Hallelujah in a 100% cotton holster.

And so, at the end of every church service I stewed, my mother talked, I wilted, a trio of fans positioned to catch a breeze that didn’t exist whirred, and one of my mom’s too many conversations would sometimes turn in this direction:
“Brenda, that daughter of yours is growing into a pretty young woman. Ya’ll must be so proud.”
“Did I tell you Stacie made Honor Roll this semester? Straight As and a B. You’re right, I am proud,” Mom replied.
And that was that. Mom would ignore, deflect, and redirect; a parenting technique she secretly unloaded on me with steadfast resolve for several of the sometimes tumultuous but not necessarily tense years we lived under the same roof.
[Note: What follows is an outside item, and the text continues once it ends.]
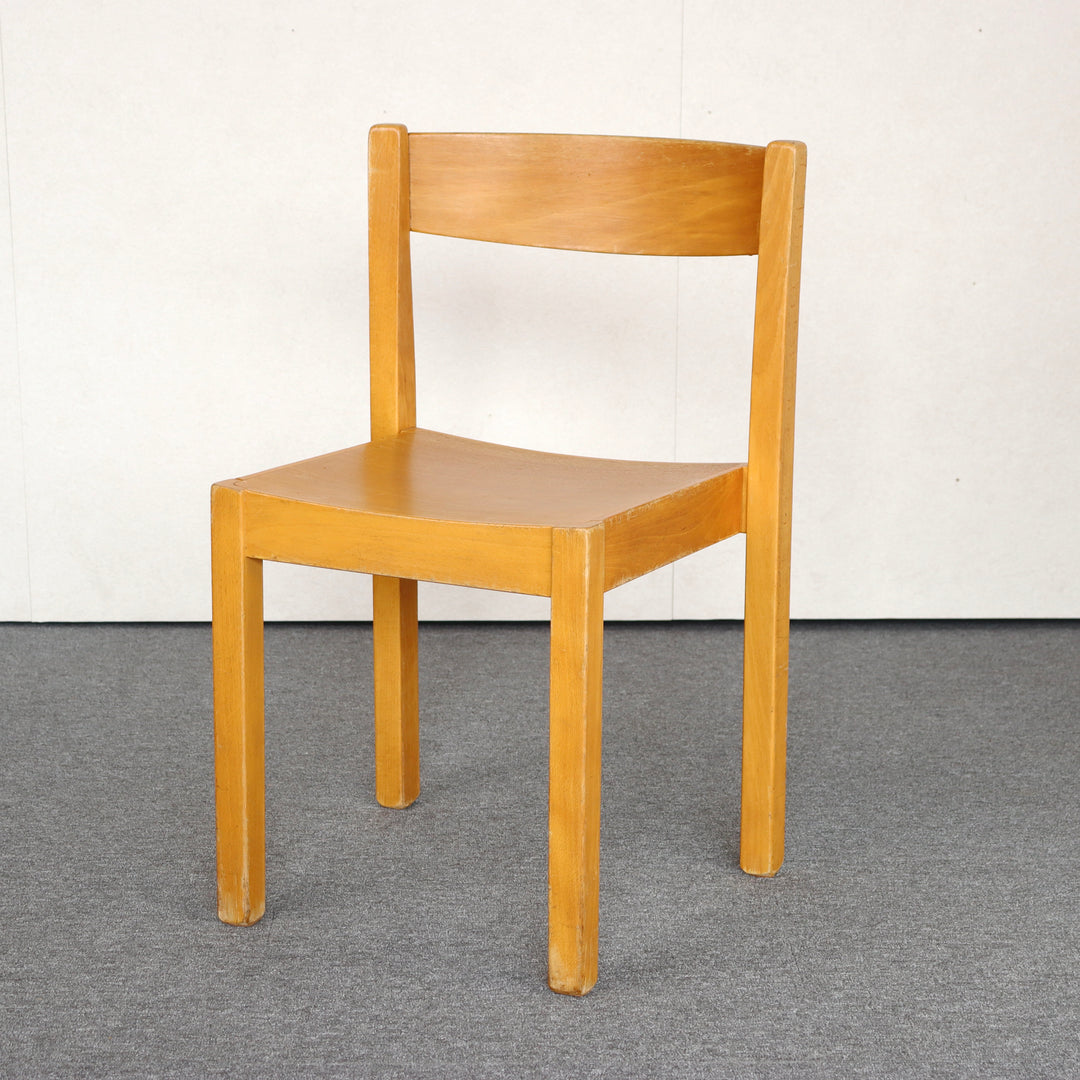 【comingsoon!】 Dining Chair ItemCode-JORD42c | 送料込 |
At the time, I didn’t realize how deeply she was embedding her lesson of substance over style into my Cover Girl Eye Enhancer 3-Shadow Kit, in part because she was so sneaky, but also because I was too busy willing her to get stuck indefinitely in traffic on her way home from Wife Saver with a 12-piece mixed chicken dinner because:

A) No mom = no church. Even though the minister’s son was totally hot and usually sat two rows in front of me, service was long. At the exact moment I picked up a nubby pencil to write one of my besties a note on the back of the tithing envelope about how much fun we were gonna have at the pool if-I-ever-got-there-in-the-next-gazillion-years-because-my-mom-talks-soooooo-much-and-blah-blah-blekity-blah-and-stuff-like-that, she would inevitably pop up like a whack-a-mole in the choir loft, shooting me a laser-like stare from behind the over-teased perms of three super-tall sopranos.
B) I was convinced she bribed the orthodontist to K-O braces when I could have geared up on the spot, ensuring that as a freshman, I’d have a mouth full of metal and zero boyfriends.
C) Since the dawn of time or at least speed skates and for sure MTV, that’s what teenage girls are supposed to do.
But somehow, between Aqua Net and eye rolls, her lessons stuck. Too many years later to admit, I can actually hear her voice in my head (which kind of scares me when it’s dark outside), as I repeat her mantra to my own girls, and begin to teach them to anchor their self-esteem to any of part of their being people can’t see. Vanity isn’t all bad, but in a world increasingly crowded with camera phones and profile pics, it’s still everything under the surface that counts.